- What the task requires:
Your copy of the entries must be exact, and it must not include the pictures.

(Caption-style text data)
=== Section Start ===
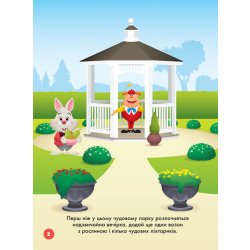 Детская книжка "Наклейкомания. Disney Малыш. Принцесса" укр.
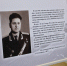 "Герой неба, герой войны. Памяти А.П.Смирнова": к 105-летию со дня рождения военного летчика, Героя Советского союза - Андреапольская ЦБС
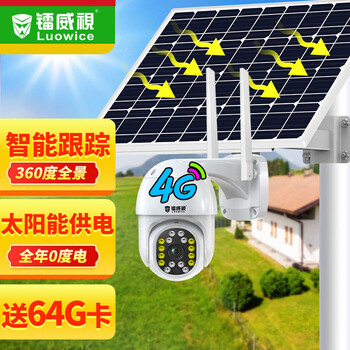 
镭威视太阳能摄像头监控免插电4G户外360度无线WIFI无需网络室外防水高清夜视手机远程监控器家用 4G【单板】人形跟踪+64G 2K超清怎么样？评测结果好吗？质量评测怎么样好不好用？
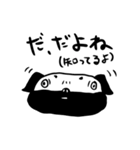 犬思う（個別スタンプ：6）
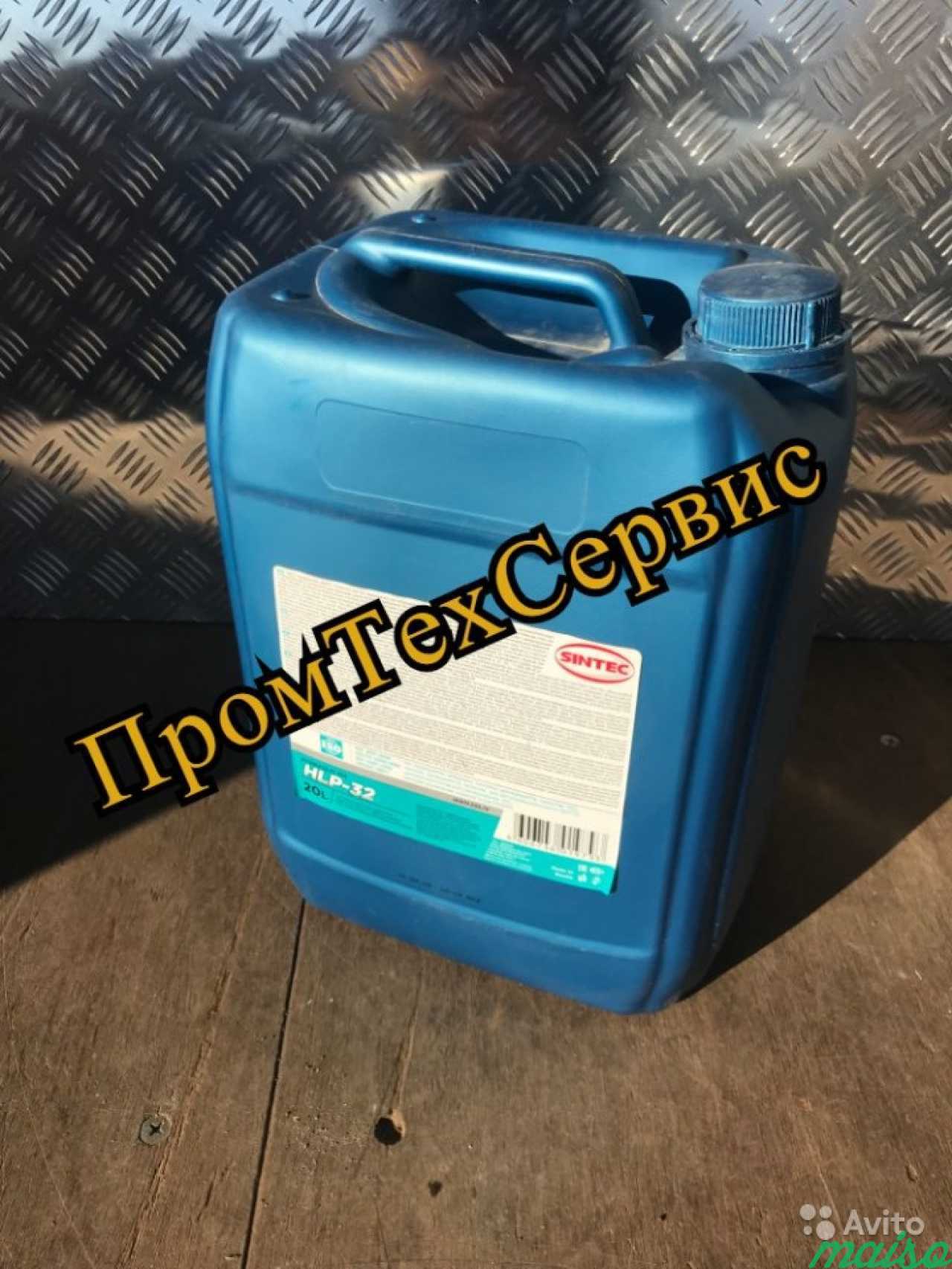 Sintec Масло Hydraulic HLP-32 20л в Санкт-Петербурге. Фото 5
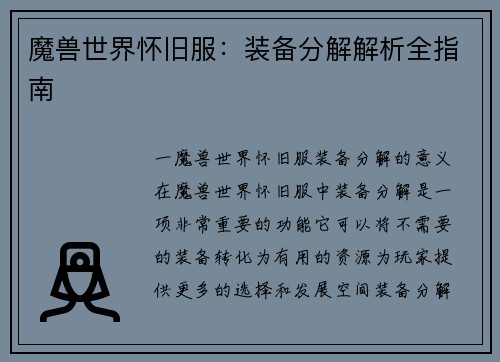 魔兽世界怀旧服:装备分解解析全指南
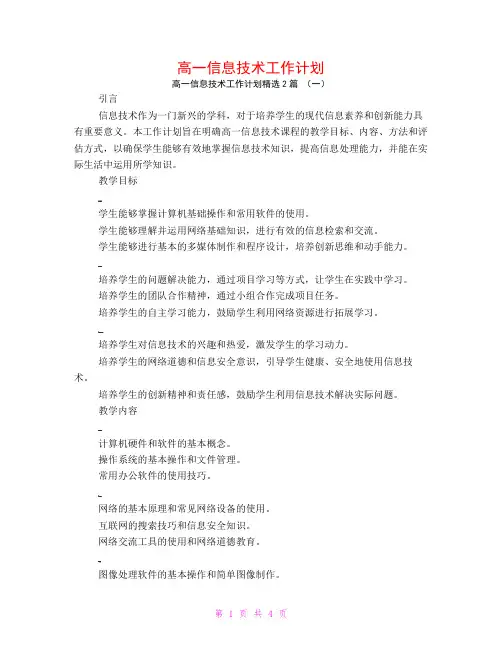 高一信息技术工作计划2篇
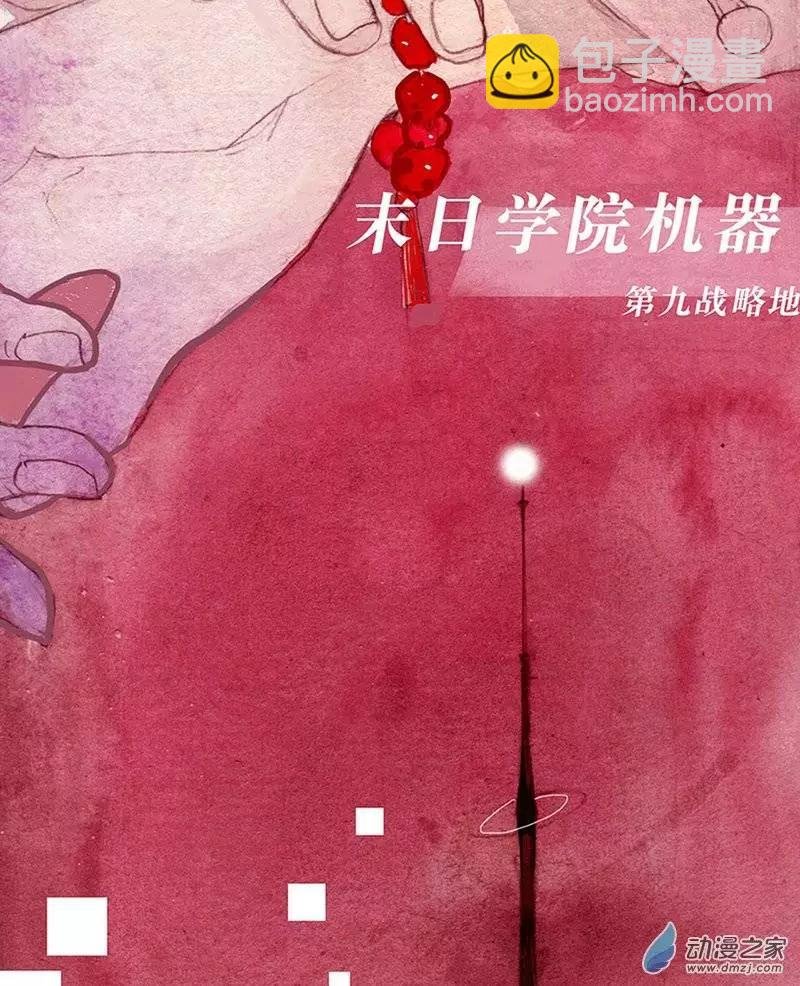 第01回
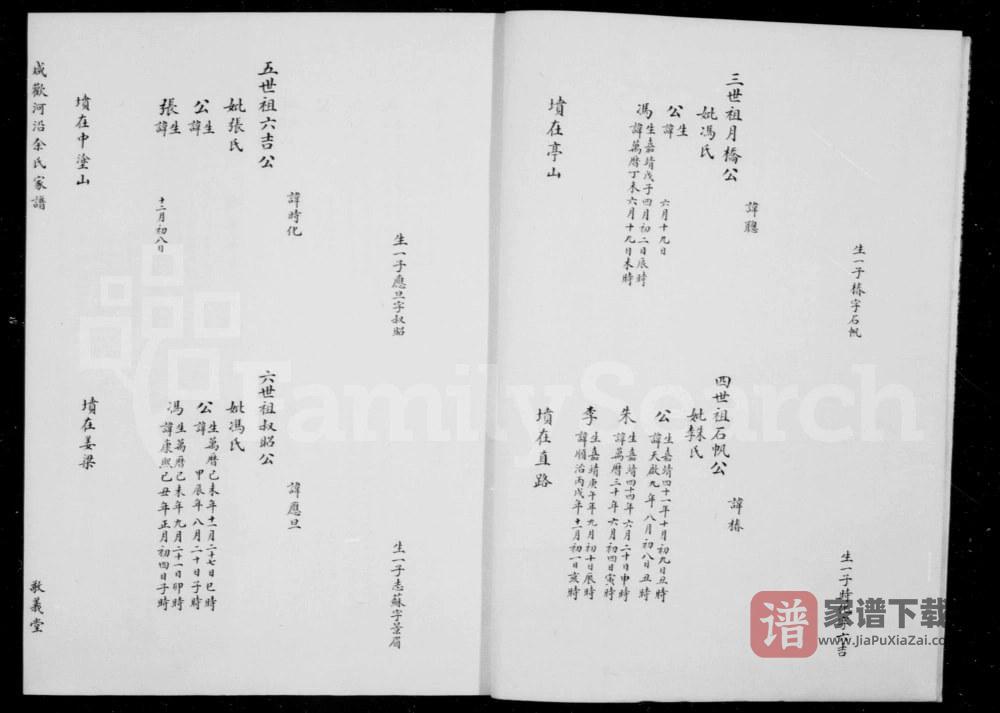 图片[2]-浙江绍兴咸欢河沿余氏家谱（敬义堂）PDF高清电子版下载-家谱下载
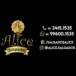 Alice Salgados II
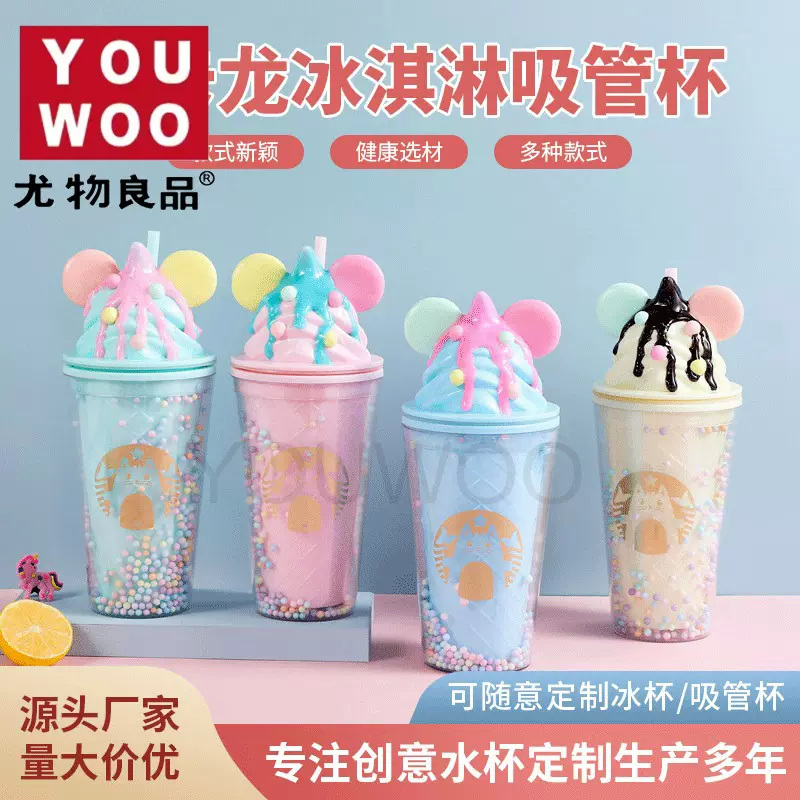 YOUWOO马卡龙可爱冰激凌冰杯夏季吸管杯马卡龙随手杯卡通塑料杯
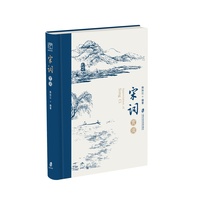 云中谁寄锦书来：宋词赏读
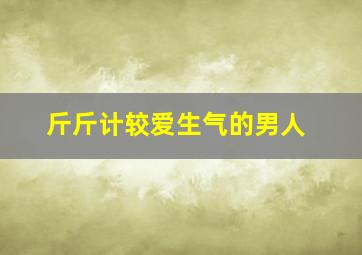 斤斤计较爱生气的男人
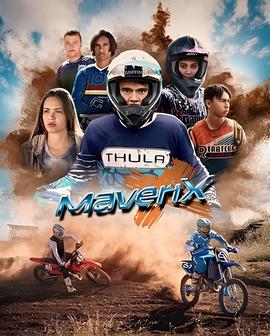 花样少年少女全集在线观看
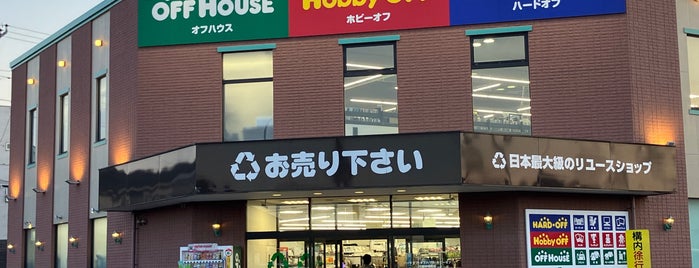 Hard Off / Off House / Hobby Off is one of 東日本の行ったことのないハードオフ1.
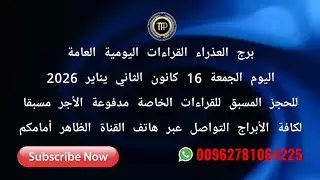 برج العذراء الجمعة 16•1•2026 قمر برج الجدي يدخل و تتحسن حالتك النفسية » وليد العذراء
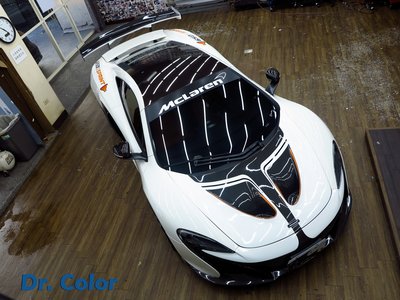 Dr. Color 玩色專業汽車包膜 McLaren 650 S 車身線條客製化 (3M 2080)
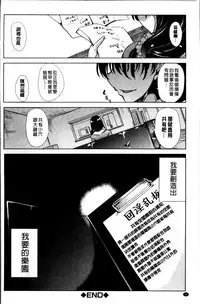 [Yabitsu Hiro] Watashi Wa, Kairakuizonshou [Chinese]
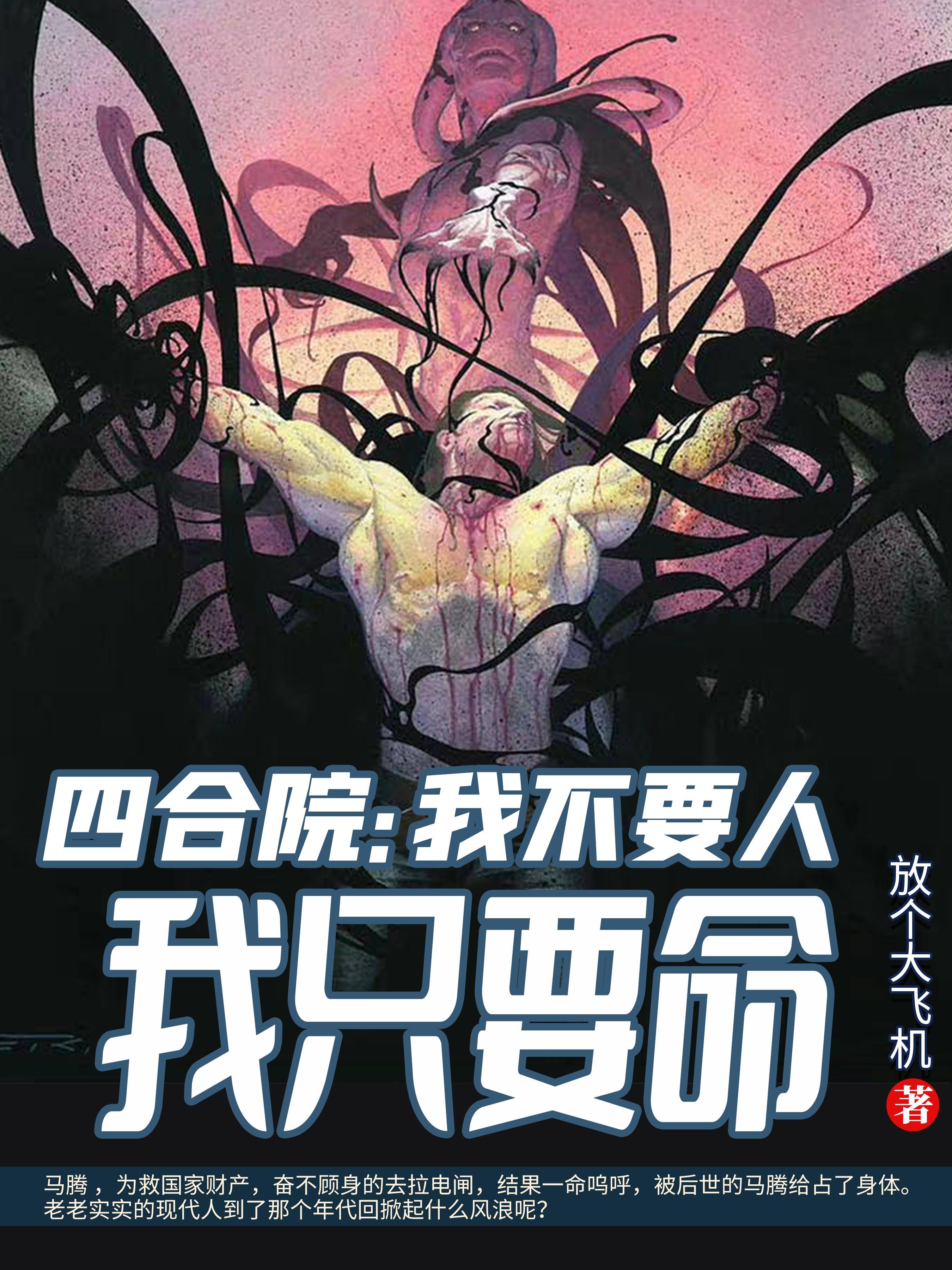 毒医在星际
=== Section End ===
- Task answer:
 Детская книжка "Наклейкомания. Disney Малыш. Принцесса" укр.
 "Герой неба, герой войны. Памяти А.П.Смирнова": к 105-летию со дня рождения военного летчика, Героя Советского союза - Андреапольская ЦБС
镭威视太阳能摄像头监控免插电4G户外360度无线WIFI无需网络室外防水高清夜视手机远程监控器家用 4G【单板】人形跟踪+64G 2K超清怎么样？评测结果好吗？质量评测怎么样好不好用？
 犬思う（個別スタンプ：6）
 Sintec Масло Hydraulic HLP-32 20л в Санкт-Петербурге. Фото 5
 魔兽世界怀旧服:装备分解解析全指南
 高一信息技术工作计划2篇
 第01回
 图片[2]-浙江绍兴咸欢河沿余氏家谱（敬义堂）PDF高清电子版下载-家谱下载
 Alice Salgados II
 YOUWOO马卡龙可爱冰激凌冰杯夏季吸管杯马卡龙随手杯卡通塑料杯
 云中谁寄锦书来：宋词赏读
 斤斤计较爱生气的男人
 花样少年少女全集在线观看
 Hard Off / Off House / Hobby Off is one of 東日本の行ったことのないハードオフ1.
 برج العذراء الجمعة 16•1•2026 قمر برج الجدي يدخل و تتحسن حالتك النفسية » وليد العذراء
 Dr. Color 玩色專業汽車包膜 McLaren 650 S 車身線條客製化 (3M 2080)
 [Yabitsu Hiro] Watashi Wa, Kairakuizonshou [Chinese]
 毒医在星际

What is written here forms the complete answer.